Closure, Not Dogmatism
Indulge me for a moment as I use my own work in Moral Singularity to show what I think is happening here.
In Moral Singularity, I distinguish between closure and dogmatism. Dogmatism is rigidity of belief and can be thought of as a conscious refusal to consider alternatives. Closure is structural self-validation: a condition in which the system no longer requires external reality to confirm its judgements, relying instead on its own internal alignment. The distinction is crucial because closure does not look or feel like dogmatism from inside. It feels like clarity, confidence, and ethical maturity. It feels like a system that has thought things through with great care and arrived at a considered position.
The BACP’s response does not read as dogmatic to me. It reads as measured, professional, and assured. And that is precisely the point. Closure presents as responsibility.
In Chapter 9 of the book, I trace what happens when correction is offered to a system that has already stabilised around its own orientation. The challenge is acknowledged, and it is contextualised. It is then reframed. And then, quite smoothly, it is absorbed back into the existing frame. What appears to be an attempt at course-correction becomes confirmation.
From outside a closed system, correction is understood as reasonable and necessary. One expects that conversation will reopen questions, that evidence will clarify misunderstandings, that good faith will be recognised. These expectations rest on the assumption that the system being addressed remains open to being informed by what it does not yet know.
The letter has been received. It has not been heard. So it's not really dialogue but the performance of having listened.
What the Response Reveals About the System
Whether or not the response was written in bad faith is not the central issue. The central issue is that it does not engage the substance of the concern, and instead reproduces the very structure the open letter was questioning. I suspect the parameters are the issue more than the person operating within them. But the structure of the response reveals something important about the conditions under which it was produced.
In Moral Singularity, I call this the point at which a moral system becomes self-validating: judgements are confirmed by internal alignment rather than by contact with external consequence. The system does not collapse into chaos. It closes into order. From inside, questions feel settled, boundaries feel justified, and the absence of internal challenge reads as consensus rather than silence.
So What Now
The BACP has confirmed, in writing, that the new Ethical Framework will include a commitment to anti-oppressive practice. It has confirmed that it regards a critical social justice framework as complementary to traditional ethical principles. It has confirmed that it sees no tension between these commitments and the pluralism it claims to uphold.
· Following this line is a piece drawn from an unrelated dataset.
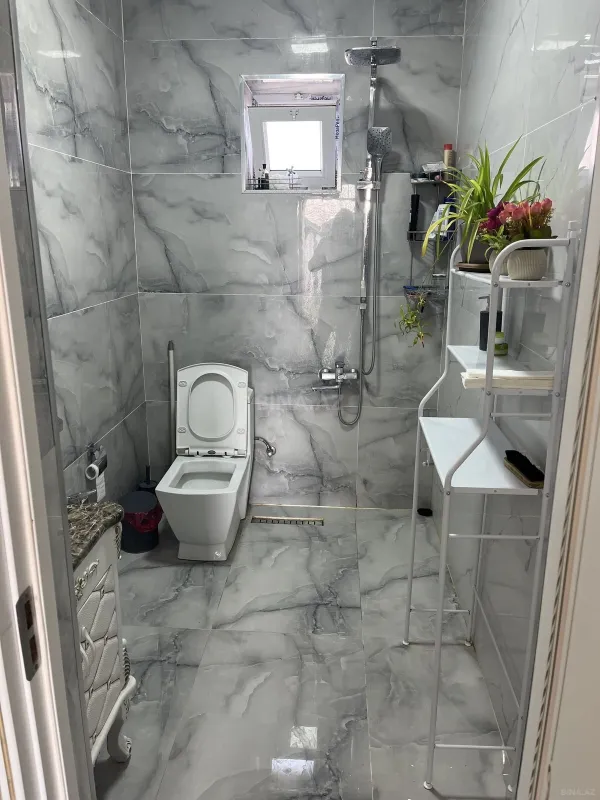 Satılır 4 otaqlı həyət evi 140 m²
And it has done all of this without engaging with any of the specific concerns or proposals set out in the open letter.
The meaning of that, to my mind, is straightforward. The BACP was offered an opportunity to demonstrate, through concrete action, that it takes theoretical diversity seriously. It has chosen instead to restate its position, describe its own processes, and confirm the direction the open letter asked it to reconsider.
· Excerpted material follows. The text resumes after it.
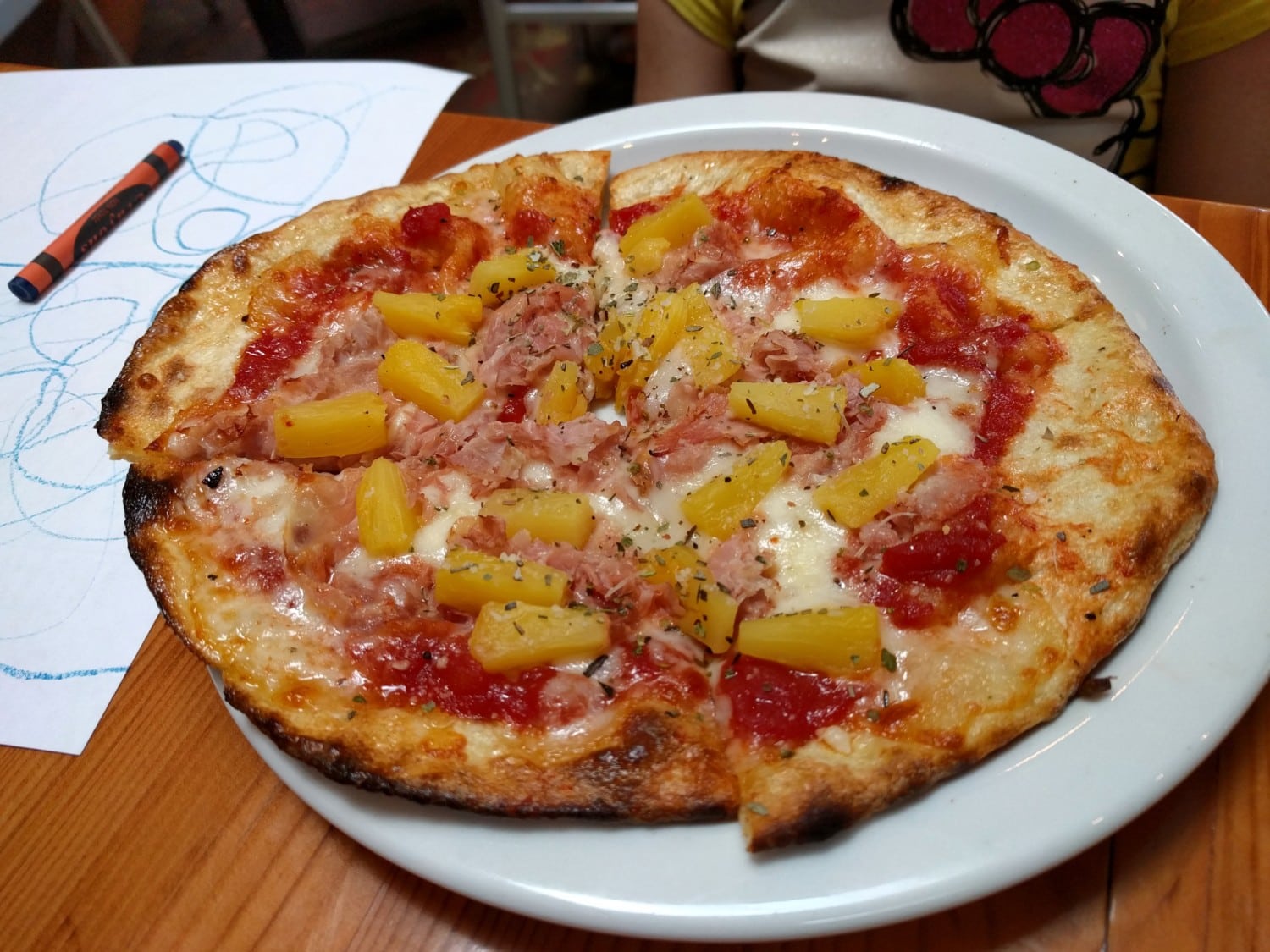 pineapple pizza photo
A Therapy Today article is a possibility, at the editor’s invitation, but we will see. Moral Singularity is available for those who want to understand the structural dynamics now visible in the profession. The open letter remains as a record of where more than sixty professionals stood, together, in February 2026.
My own view is now clear, and on record.
If you share these concerns, do not assume they are already being said. They may not be. So please write. Speak and raise questions directly. If pluralism is to mean anything, it has to hold under pressure, not just in principle.
What happens next depends, in part, on who is willing to say what they see.